# Best wheel sealant for "satin" wheels



## CJ. (May 13, 2013)

Good morning all,
I have a brand new set of BBS alloys which I would like to protect/seal as best as I can. They are black, but they are a satin finish as opposed to a gloss.
What would people recommend in the way of the best wheel sealant that will protect the wheel, but not 'gloss' it up?
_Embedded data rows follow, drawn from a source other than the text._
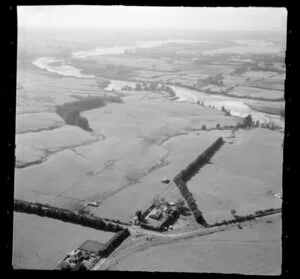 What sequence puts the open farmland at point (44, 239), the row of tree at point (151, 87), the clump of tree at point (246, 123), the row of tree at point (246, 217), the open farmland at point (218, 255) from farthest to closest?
the row of tree at point (151, 87), the clump of tree at point (246, 123), the row of tree at point (246, 217), the open farmland at point (44, 239), the open farmland at point (218, 255)

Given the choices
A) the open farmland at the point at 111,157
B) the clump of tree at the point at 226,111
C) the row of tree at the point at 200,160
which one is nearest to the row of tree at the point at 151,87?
the clump of tree at the point at 226,111

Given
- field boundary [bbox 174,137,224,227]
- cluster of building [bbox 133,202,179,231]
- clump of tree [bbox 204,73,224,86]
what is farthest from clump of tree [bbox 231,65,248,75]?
cluster of building [bbox 133,202,179,231]

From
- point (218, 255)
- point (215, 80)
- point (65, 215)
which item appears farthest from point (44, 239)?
point (215, 80)

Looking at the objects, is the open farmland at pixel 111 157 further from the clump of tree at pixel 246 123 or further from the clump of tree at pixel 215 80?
the clump of tree at pixel 215 80

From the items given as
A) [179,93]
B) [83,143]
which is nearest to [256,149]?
[83,143]

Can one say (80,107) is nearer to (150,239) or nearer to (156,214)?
→ (156,214)

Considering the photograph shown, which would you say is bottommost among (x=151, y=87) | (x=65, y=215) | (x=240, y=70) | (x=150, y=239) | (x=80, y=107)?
(x=150, y=239) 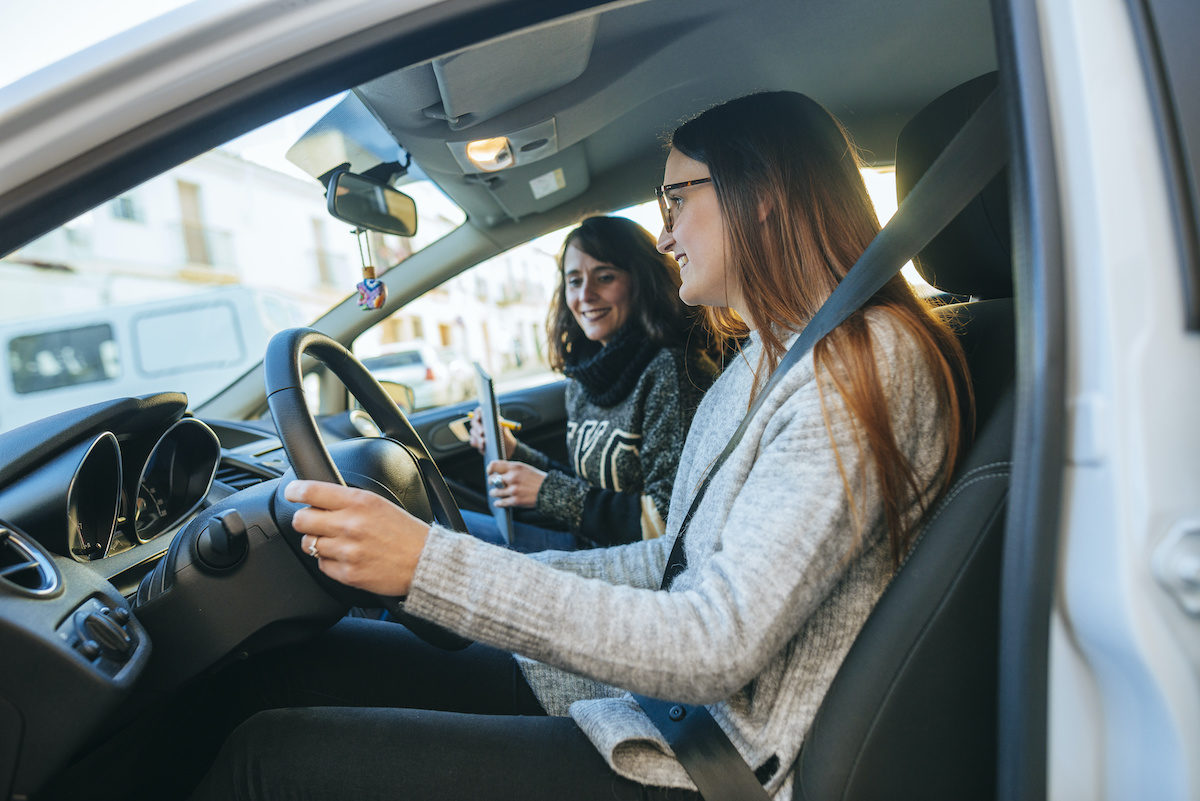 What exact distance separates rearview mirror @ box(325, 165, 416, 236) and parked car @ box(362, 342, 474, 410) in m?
1.33

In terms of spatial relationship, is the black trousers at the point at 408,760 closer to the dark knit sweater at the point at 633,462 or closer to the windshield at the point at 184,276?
the windshield at the point at 184,276

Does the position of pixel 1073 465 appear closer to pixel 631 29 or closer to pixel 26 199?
pixel 26 199

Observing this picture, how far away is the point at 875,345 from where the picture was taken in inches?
34.3

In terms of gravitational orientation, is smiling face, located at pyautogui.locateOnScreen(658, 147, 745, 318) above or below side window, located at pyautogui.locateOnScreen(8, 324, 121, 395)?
below

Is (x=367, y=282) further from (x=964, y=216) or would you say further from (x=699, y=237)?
(x=964, y=216)

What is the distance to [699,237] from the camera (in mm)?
1138

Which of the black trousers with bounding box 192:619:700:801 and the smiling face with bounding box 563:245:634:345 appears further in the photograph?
the smiling face with bounding box 563:245:634:345

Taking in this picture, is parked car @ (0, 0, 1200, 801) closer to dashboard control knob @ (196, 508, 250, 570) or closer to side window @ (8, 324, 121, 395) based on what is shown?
dashboard control knob @ (196, 508, 250, 570)

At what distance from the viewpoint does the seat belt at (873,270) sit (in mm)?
764

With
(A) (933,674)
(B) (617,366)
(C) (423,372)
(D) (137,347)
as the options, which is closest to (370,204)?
(B) (617,366)

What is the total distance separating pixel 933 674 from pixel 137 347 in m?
6.52

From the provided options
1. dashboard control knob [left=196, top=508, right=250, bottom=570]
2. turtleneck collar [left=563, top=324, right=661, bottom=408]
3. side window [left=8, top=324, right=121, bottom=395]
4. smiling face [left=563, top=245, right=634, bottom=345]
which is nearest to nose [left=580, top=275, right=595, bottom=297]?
smiling face [left=563, top=245, right=634, bottom=345]

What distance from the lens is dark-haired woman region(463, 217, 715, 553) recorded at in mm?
2098

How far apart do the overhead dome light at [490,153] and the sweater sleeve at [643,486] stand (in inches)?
27.3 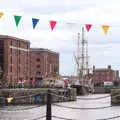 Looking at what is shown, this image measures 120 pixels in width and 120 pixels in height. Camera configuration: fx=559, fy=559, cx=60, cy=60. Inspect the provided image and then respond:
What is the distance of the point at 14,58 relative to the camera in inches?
6535

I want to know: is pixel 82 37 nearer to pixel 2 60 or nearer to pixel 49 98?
pixel 2 60

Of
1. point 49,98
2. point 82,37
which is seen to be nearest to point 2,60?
point 82,37

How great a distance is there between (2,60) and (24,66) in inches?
677

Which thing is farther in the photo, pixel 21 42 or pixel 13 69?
pixel 21 42

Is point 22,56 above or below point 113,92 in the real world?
above

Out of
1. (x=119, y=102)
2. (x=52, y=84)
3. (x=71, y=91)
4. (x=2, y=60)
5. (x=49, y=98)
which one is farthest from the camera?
(x=2, y=60)

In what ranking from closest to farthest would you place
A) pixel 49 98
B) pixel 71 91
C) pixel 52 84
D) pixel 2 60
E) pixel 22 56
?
pixel 49 98 → pixel 71 91 → pixel 52 84 → pixel 2 60 → pixel 22 56

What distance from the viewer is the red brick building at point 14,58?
16075cm

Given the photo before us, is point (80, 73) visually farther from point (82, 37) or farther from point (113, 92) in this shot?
point (113, 92)

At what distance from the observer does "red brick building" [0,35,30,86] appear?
527ft

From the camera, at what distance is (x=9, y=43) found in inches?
6471

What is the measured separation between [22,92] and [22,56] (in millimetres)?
91085

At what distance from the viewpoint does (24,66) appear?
177 meters

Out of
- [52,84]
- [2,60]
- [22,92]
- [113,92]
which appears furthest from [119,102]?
[2,60]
Any advice/recomendations greatly appreciated!


----------



## EliteCarCare (Aug 25, 2006)

Gtechniq C5 will do the job without adding any extra gloss, we've used it on Satin wheels and it works fine. :thumb:

Alex


----------



## B0DSKI (Nov 25, 2011)

As above. Brilliant stuff


----------



## Chris79100 (Jan 27, 2011)

MaxProtect, will be better protected than with c1/4/5 and work well on mate/satin.
CQUK work well on mate/satin too.


----------



## MAUI (Feb 1, 2008)

Optimum Opti Coat 2.0


----------



## ronwash (Mar 26, 2011)

+1 for MaxProtect,brilliant products.


----------



## CJ. (May 13, 2013)

Chris79100 said:


> MaxProtect, will be better protected than with c1/4/5 and work well on mate/satin.
> CQUK work well on mate/satin too.


Don't suppose you have a link to the product do you buddy?


----------



## TooFunny (Sep 18, 2012)

Chris79100 said:


> MaxProtect, will be better protected than with c1/4/5 and work well on mate/satin.
> CQUK work well on mate/satin too.


How so???


----------



## E38_ross (May 10, 2010)

Another vote for C5. Cracking stuff.


----------



## DeeTailer (Aug 13, 2009)

I've used Wolf's Rimseal on Audi "Black Edition" satin wheels. It works OK without making the wheels glossy. 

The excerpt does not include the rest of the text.